それから俺は、愛理と距離を置くようになった。最初は絡んでくる愛理も、俺の態度に気がついたのか、夏休み前には会話を交わすことが無くなった。
夏、秋、冬と季節が巡り、愛理の周りから人が一人、また一人と去っていき、学年の上がる春がやってきた。
クラス替えの貼り紙を眺め、俺は無意識に愛理の名前を探す。だが、どこを見ても愛理の名前が見つからなかった。
周囲を見渡すと最後まで愛理と仲の良かった女子を視界に捉え、俺は彼女に声をかけた。すると第一声に放たれたのは、恨みに溢れた怒号だった。
『音無っ!なんでっ!なんで愛理を突き放した!なんで、あの子の居場所を奪った⋯!』
両腕を掴まれて乱暴に引っ張られるが、俺は意味がわからず茫然とした。その後、話の全貌を聞いて、俺は酷く後悔し、自らを責めた。
「彼女はいじめられっ子だったんだ。小学生の時に女の子からいじめにあって、嫌な環境から逃れるためにこちらに引っ越してきたんだ」
無理をして愛嬌を演じ、周りと友情を育もうとしている大事な時期に、俺が距離を置いてしまったのだ。
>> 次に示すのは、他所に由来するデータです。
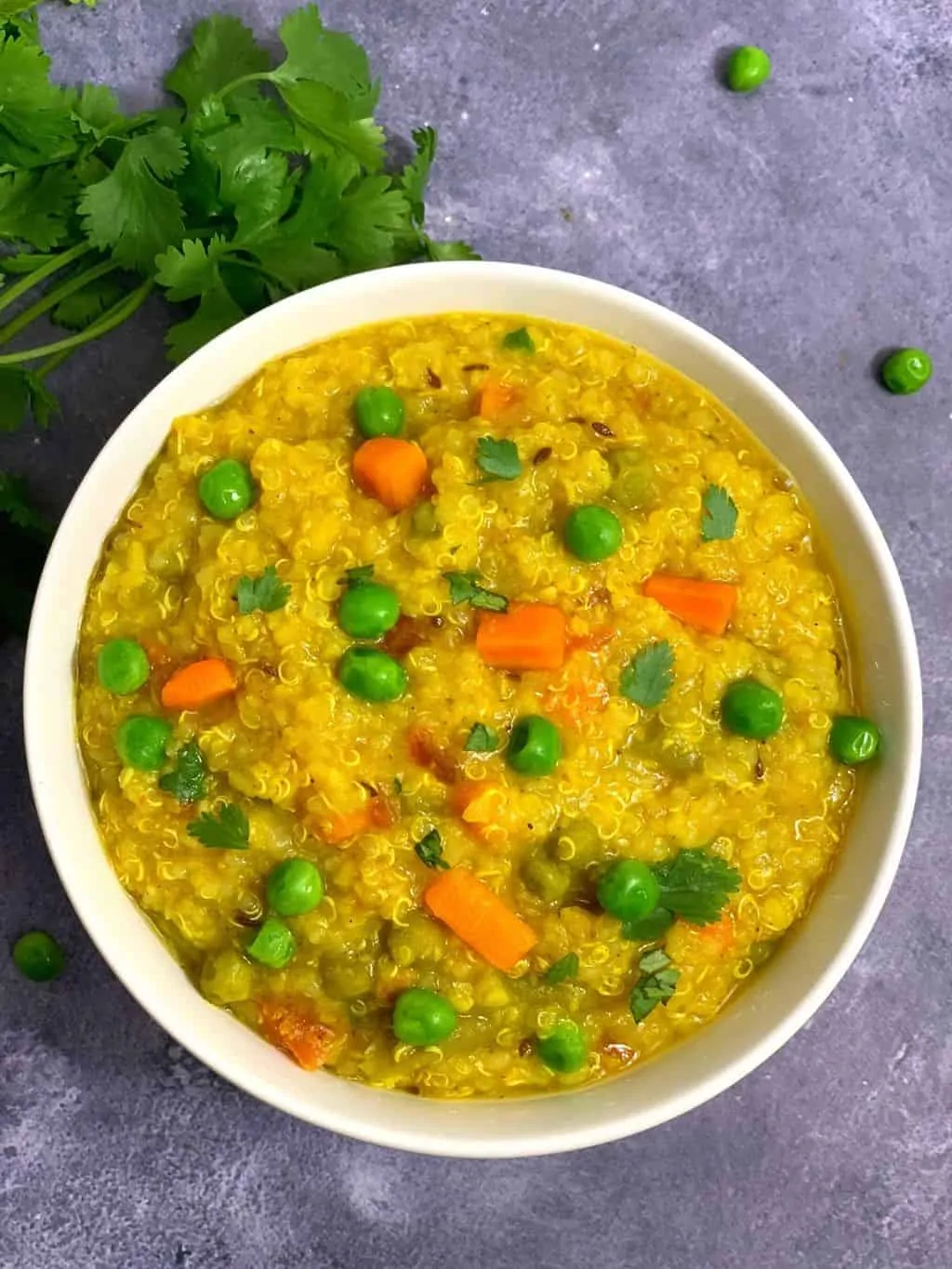 quinoa khichdi served in a bowl with cilantro and green peas on the side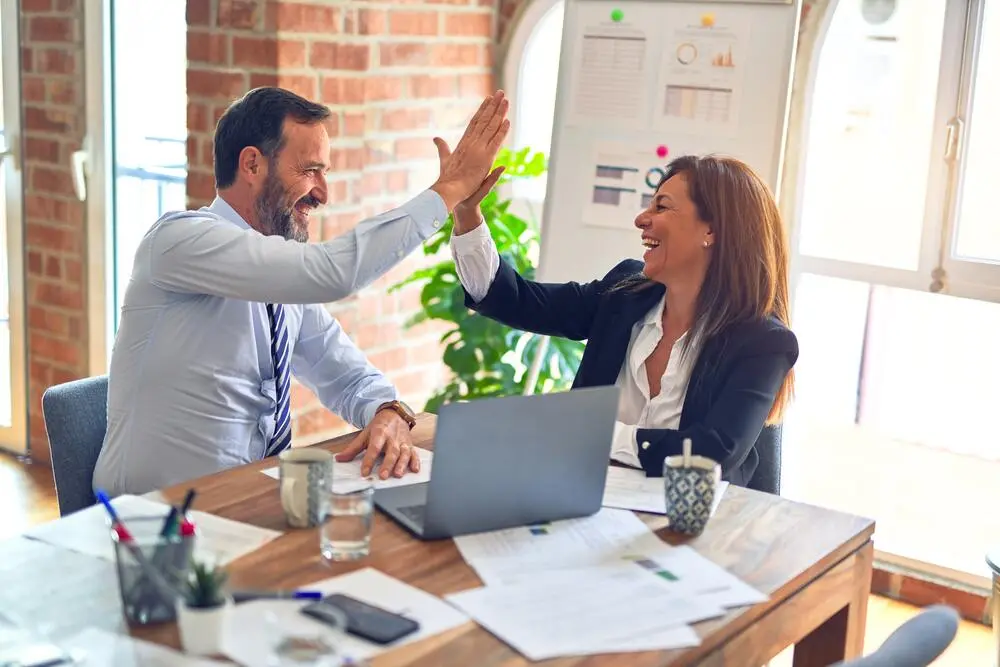 Un employé de doowup agence digitale et une cliente heureux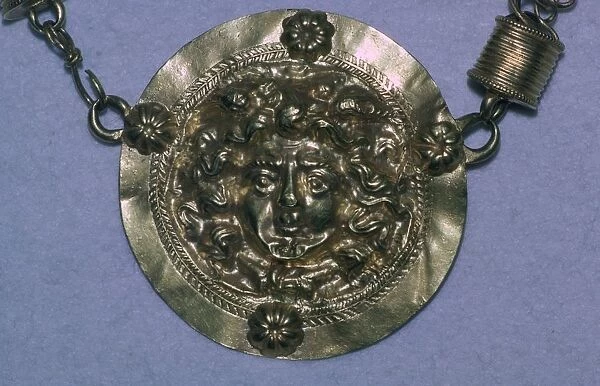 Gold Roman Gorgons head pendant
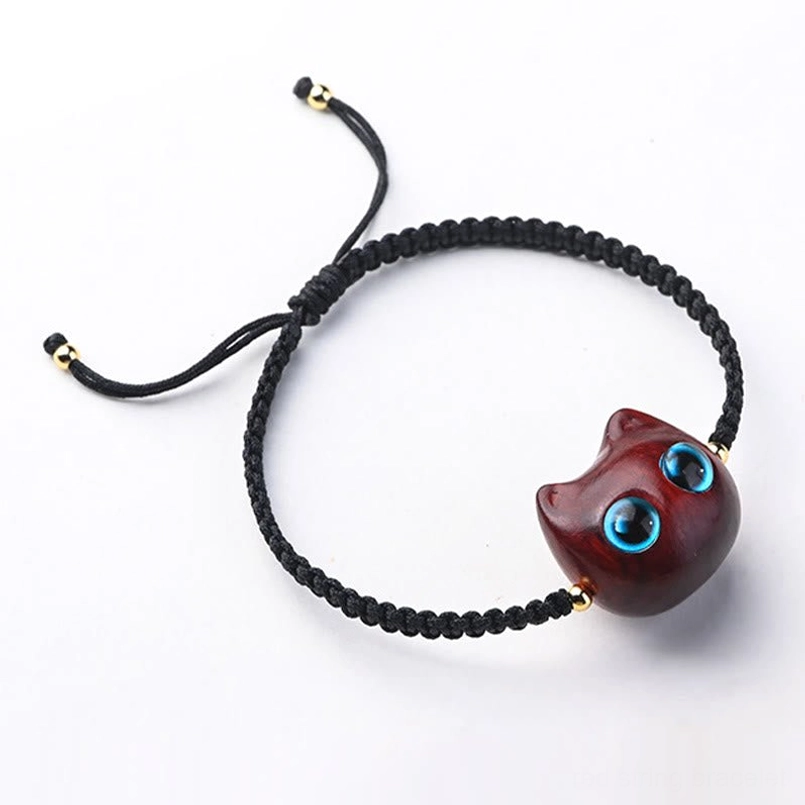 Adjustable red sandalwood cat bracelet pull-tie closure flat lay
恋バナを良くしていた愛理は、それ以降恋バナに入ることはなく、愛嬌を演じることをやめて暗い子に戻った。すると友達が次々に離れていき、その孤独感でトラウマがフラッシュバックし、学校に来れなくなり再び引っ越したという。
それが、この話の結末だった。
「俺が言葉一つで距離を置かなければ、こうはならなかった。少しでも彼女を理解しようとすれば、辛い思いをさせることは無かった」
それから俺は、人との間に一定のラインで線引きをした。みんなの気持ちを理解する重みを抱えることから、逃げたのだ。
人と仲良くなるのが、怖い。
これが、俺の人生の一つ目の失敗だった。